Tekserve Press

Press

High Tech Comfy Computers

By Lance Contrucci, New York Magazine, November 19, 1991

A computer-repair shop that's as charming as a country store? Only in New York. Despite its cold name and the high-tech nature of the business, Tekserve, at 115 West 23rd Street [now moved to 155 West 23rd Street], is warm and eclectic - maybe even a little eccentric.

"We like to keep it homey and a little screwball," says co-owner Dick Demenus, 47.

Hence the exposed-brick walls and wooden floors adorned with Americana: ancient radios, an antique Coke machine (with genuine 10-cent Cokes!), massive RCA microphones that conjure up images of Bing Crosby (or Blue Velvet), a fully functioning wrought-iron stove, and a stereoscope with hundreds of photographs. In the middle of it all hangs a wooden porch swing.

Lest you forget that this is a left-brain shop, the western side of the loft features an enormous two-tiered workbench: a smorgasbord of tools, wires and screws.
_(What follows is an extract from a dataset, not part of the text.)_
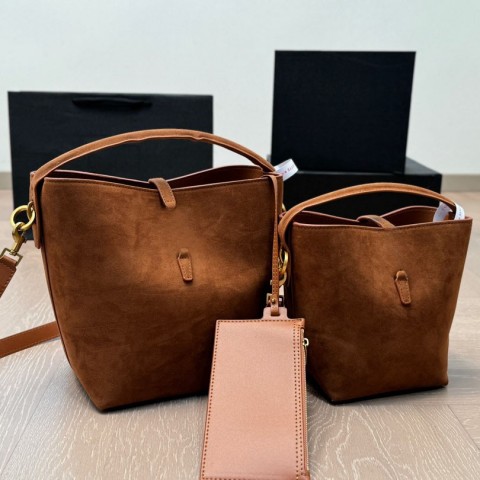 Luxury Women's Vintage Bucket Shoulder Bag with Hasp Closure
The bench is big enough to accommodate six of the seven employees simultaneously and could probably handle all of them... If it weren't for the terrarium on the far end.

Demenus, along with two other former engineers at public-radio station WBAI, Mike Edl and David Lerner, set up shop here twelve years ago with a company called Current Designs Corporation. Edl, 52, "only comes out at night" and is listed on the corporate resume as an "eccentric genius." Through the years, CDC has invented and produced numerous electrical devices, including the custom audiovisual stations found at the Library for the Performing Arts at Lincoln Center.
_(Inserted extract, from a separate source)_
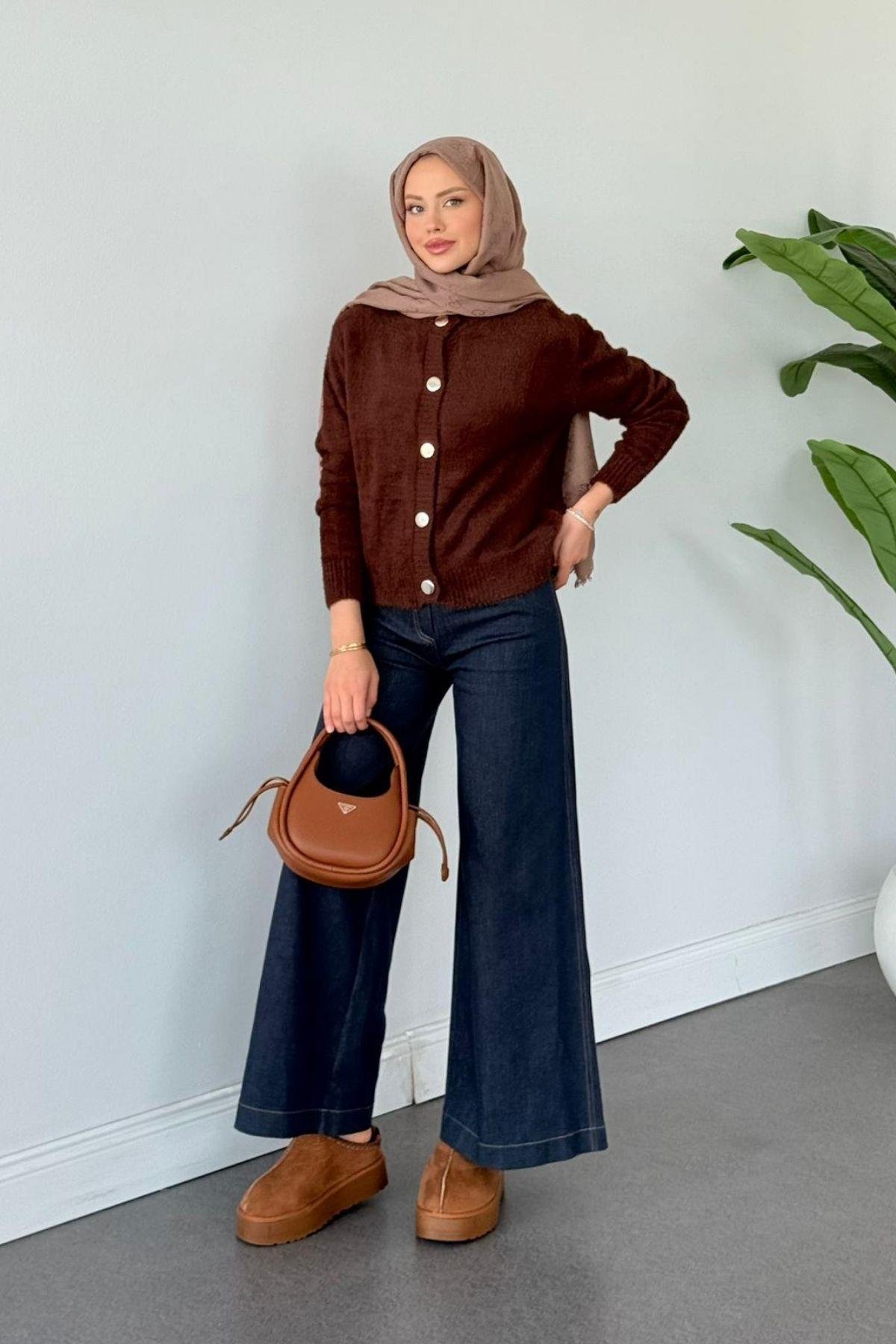 Lavinya Düğmeli Hırka Kahve, Fiyatları Lavinya Düğmeli Hırka Kahve Haza Moda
Tekserve, a sister company under the same roof, was founded a year ago and is devoted to servicing Apple Macintosh computers. "We're less expensive than authorized Macintosh dealers, who view service as a necessary evil," Lerner says. They've established a solid reputation with the discerning community of Mac users in New York.
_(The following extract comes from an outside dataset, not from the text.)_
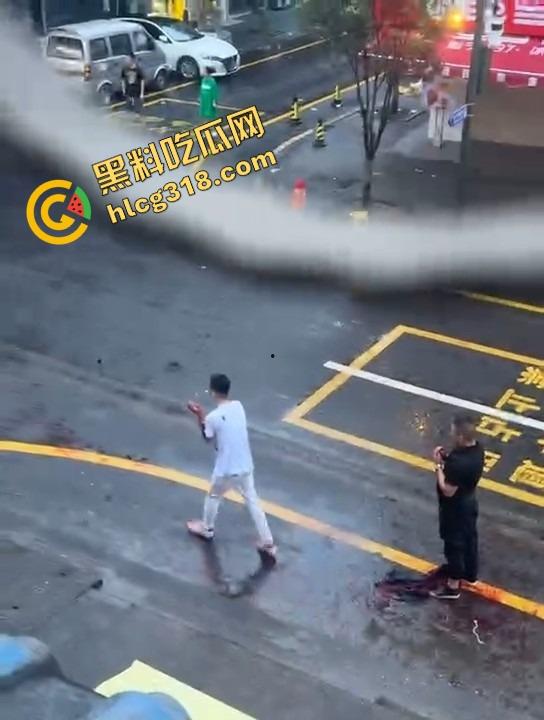 两人当街持刀互砍，地上都是血了还有热心大哥冲上去劝架，这不是劝架这是想加菜，刀都举起来了你上去干啥？-7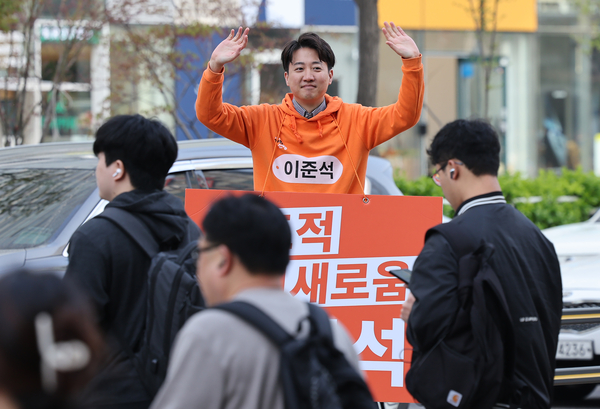 개혁신당 대선 후보인 이준석 의원이 16일 서울 금천구 가산디지털역 앞에서 출근길 시민들에게 인사를 하고 있다. 2025.4.16 /연합뉴스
Lerner, 38, is prone to working in his stocking feet. He and the other engineers talk among themselves in stilted technical phrases: "The mother board is okay... but..."

"The transformer...?"

"...let's check the RAM..."

To outsiders, it's as indecipherable as a bee's dance, so Tekserve leaves it to the decor to put customers at ease. It's a perfect formula for the nineties: waiting for your computer to be fixed while you rock on a porch swing.